写真:林忠彦写真集 日本の作家(小学館)より 撮影/林忠彦

曽野綾子氏による、「第三の新人」の貴重な個人的エピソードを公開!

大きな反響の中で迎えた2周年。

これまで、川端康成、松本清張、澁澤龍彦、山口瞳……といった昭和の文豪の名作を多数リリースしてきましたが、2周年のテーマは、文学的な大きなムーヴメントとなった「第三の新人」。 今回、「第三の新人」の一人、三浦朱門を夫に持ち、「第三の新人」たちと実際に交流のあった、曽野綾子氏より、エッセイを寄せていただきました。

第三の新人について

第一次、第二次戦後派作家に対し、1953年から1955年にかけて文壇に登場した、「第三の新人」と呼ばれる作家たちがいます。 「悪い仲間」で第29回芥川賞を受賞した安岡章太郎を皮切りに、吉行淳之介(「驟雨」/第31回)、遠藤周作(「白い人」/第33回)、庄野潤三(「プールサイド小景」/第32回)と軒並み芥川賞受賞作家ともなった彼らは、日常的な人間性を描く私小説への回帰を目的としていました。

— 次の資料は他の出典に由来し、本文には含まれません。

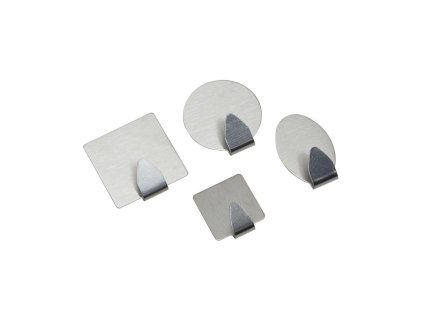 Nerezové samolepící háčky 4ks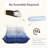 Oversized Bean Bag Chairs for Adults, Giant Beanbag Chair with Memory Foam, Comfy Lounge Chair Lazy Sofa for Apartment, Living Room, Bedroom, Office(Knit Fabric)-754135237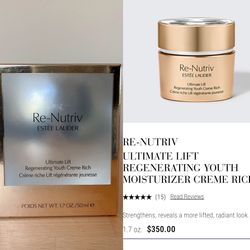 Estee Lauder Re-Nutriv Ultimate Lift 50ml - Regenerating Youth Creme Rich
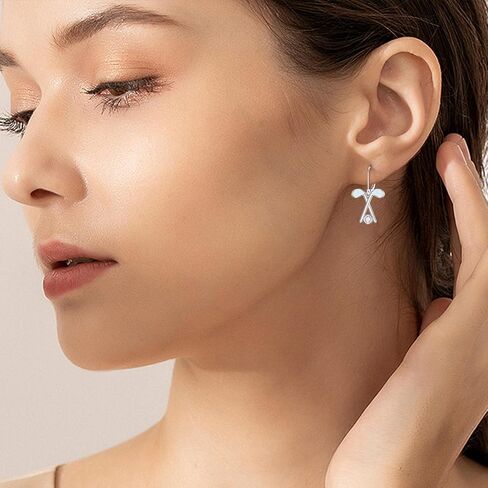 Leverback Earrings for Women 925 Sterling Silver Leverback Jewelry Christmas Anniversary Birthday Jewelry Gifts for Mother Wife Daughter Sister Friend in Saudi Arabia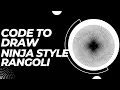 How to create Ninja Art Style Rangoli in VS code using python
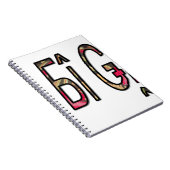 Geen Bigiji Text Art Print Notitieboek (Rechterzijde)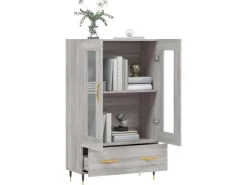 vidaXL Highboard Grau Sonoma 69,5x31x115 cm Holzwerkstoff 828282* Vitrinen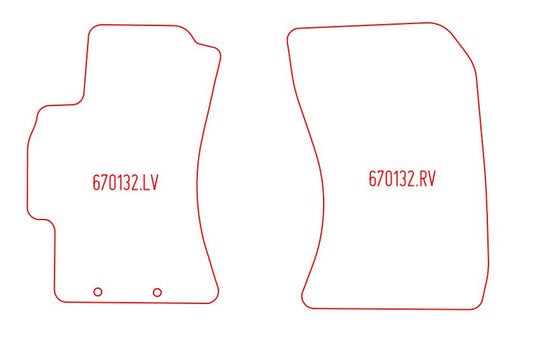 Automatten Subaru Impreza hatchback / Impreza sedan (2008-2014)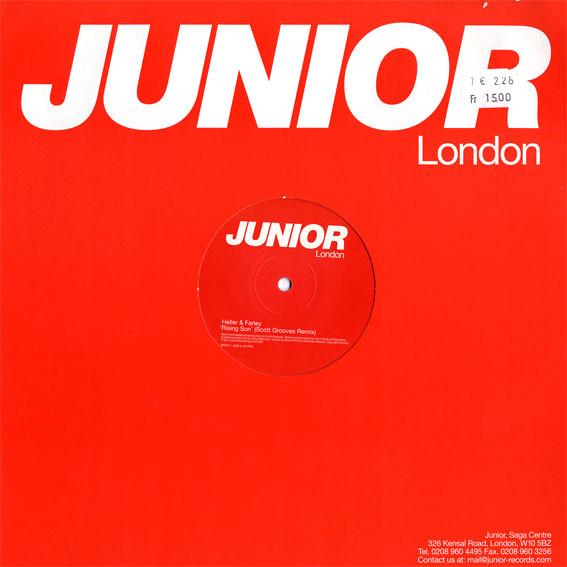 Heller & Farley - Rising Sun / Deep Sensation | Junior London (BRG011)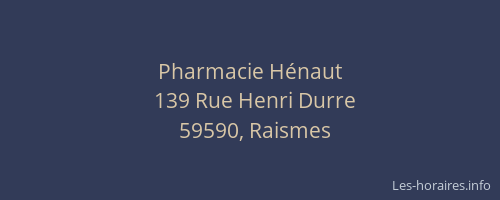 Pharmacie Hénaut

文芸評論家の山本健吉により命名された「第三の新人」たちは、重苦しい観念的小説が主流だった戦後文学の転換を促す役割を果たし、日常生活の中の実感に視点を定めました。彼らの作品は革命、社会をテーマとした壮大なものではなく、日常のありふれた存在を描いていたのです。 その感覚的な小説を先輩作家や一部の評論家たちはあざ笑い、「どうせすぐに忘れ去られるに決まっている」と批判しました。しかし、その予想に反し、第一次・第二次戦後派の作家と比肩する評価を獲得しています。

第一次、第二次の戦後派作家に対し、華やかな青春時代を戦争によって喪失した「第三の新人」たちに残されていたものは「平凡さ」でした。優等生でなく、平凡であることを認めることしか選択肢が残されていなかった彼ら「第三の新人」は、現代に生きる私たちの「平凡な日常」を見つめ直すための表現を残した作家たちと言えるのではないでしょうか。

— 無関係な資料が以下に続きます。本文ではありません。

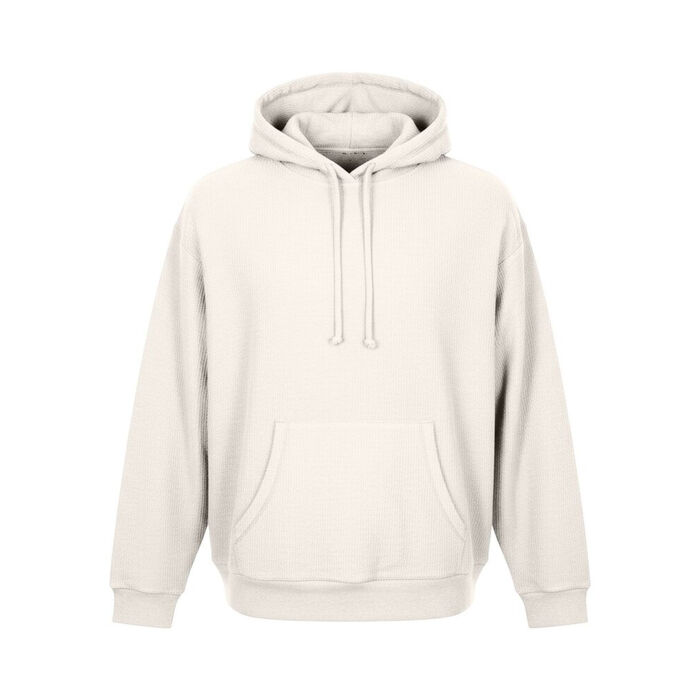 Unisex Corded Pullover Hooded Sweatshirt Thumbnail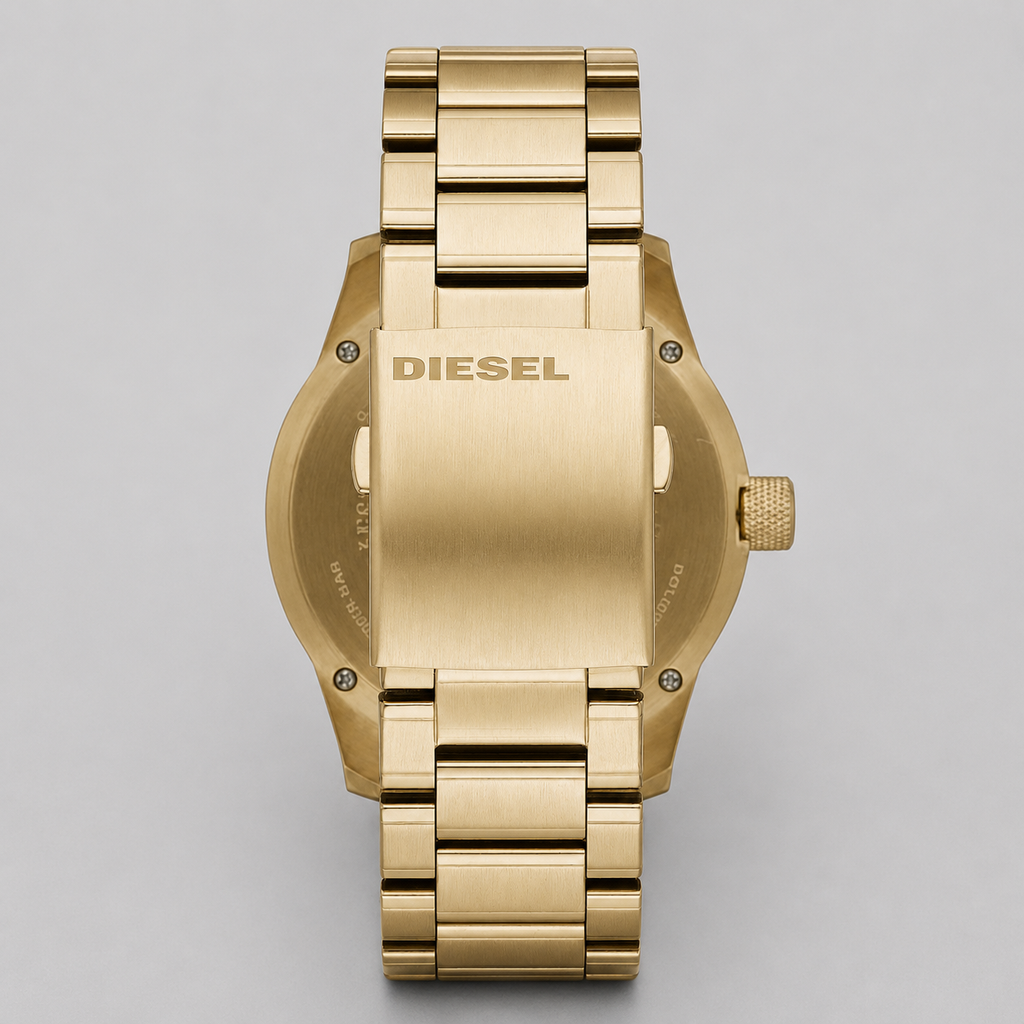 Diesel DZ1761 - Men's Rasp Gold-Tone Stainless Steel Bracelet 46x53mm DZ1761
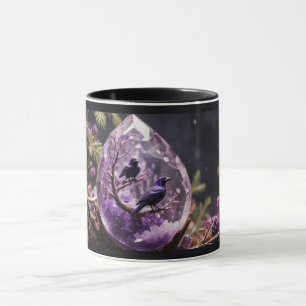 Caneca Ametyst Crystal - Crows Blackbird Ravens
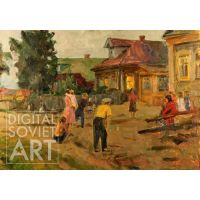 Children Playing in the Village – Без названия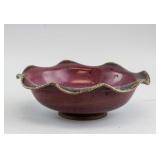 Chinese Junyao Foliated Porcelain Bowl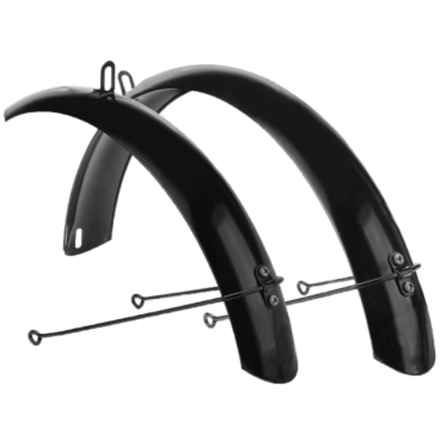 Комплект крыльев удлиненных 24",сталь, черный HN 24 black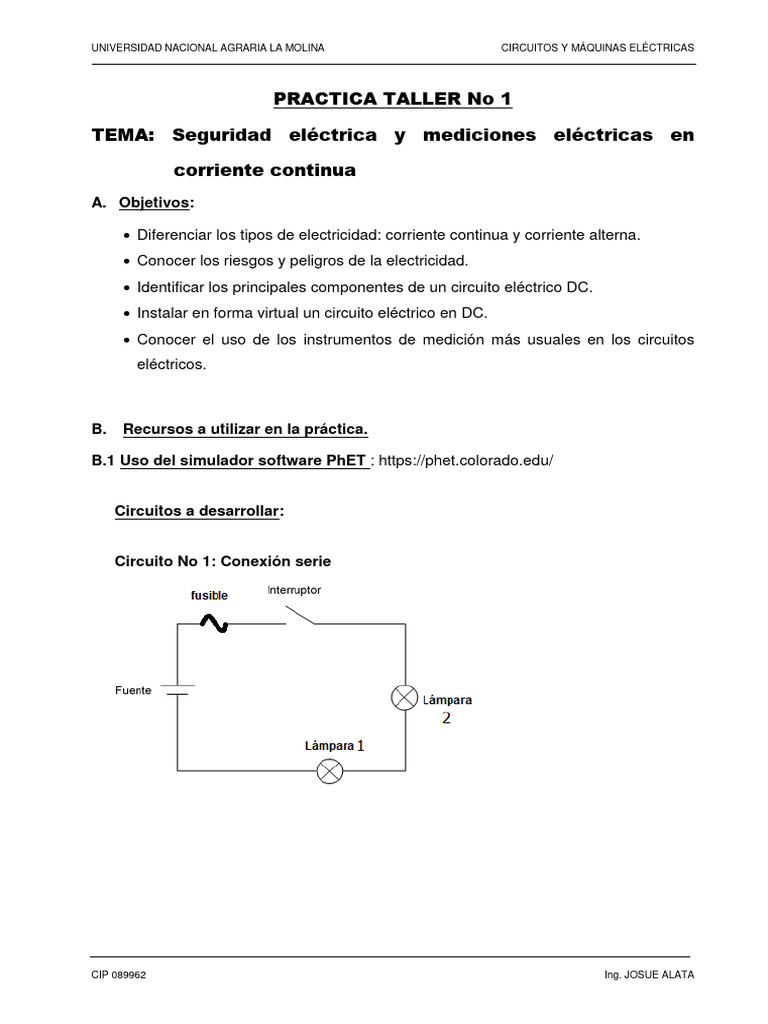 Practica Taller No1 - CYME-FIA G - H | PDF | Red eléctrica | Corriente ...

もっと詳しく読みたい:(戦後文学の流れを変えた「第三の新人」世代。その「平凡さ」が放つ魅力とは?)

「蕎麦屋の勘定」 曽野綾子

 ほんとうは、この原稿は、「第三の新人」と言われたグループの最後の生き残りであった三浦朱門が書くのが当然だったのだろうが、彼もまた二○一七年二月三日に、九十一歳で他界したので、彼らの時代を時々聞いていた私が書くことになってしまった。  

 私が「第三の新人」の実像を見るようになったのは、昭和二十九年に三浦朱門と結婚することになった時からである。  

 それが初めてだったのかどうか覚えがないのだが、或るお酒を飲む会で、そこにいた一人の奥さんが飲み過ぎたのか、「ああ、苦しいわ」と言い、「ブラジャー外して……」と言った。そんな時、私が「外してさしあげます」と言えばよかったとも思えないが、世間知らずの私は、そういう人中でブラジャーを外す事があるのだ、ということさえ頭になかったのである。それでよく小説が書けたものだとも思うが、私の書きたいテーマは、当時は別にそんなことに頭が廻らなくても済んでいたのであろう。  

 とにかくその人は、ごく自然に「淳ちゃん」と呼ばれていた吉行淳之介氏のところに行き、吉行氏は手慣れた手つきで、背中のホックを外した。それだけの事である。しかしそこには三浦朱門もいたし、庄野潤三氏もいらしたと思う。安岡章太郎氏も小島信夫氏もおられたかもしれない。しかしその女性は、ごく自然にこの仕事を吉行氏に委ねた。私はその一事で、吉行氏の人生における役割を知った。  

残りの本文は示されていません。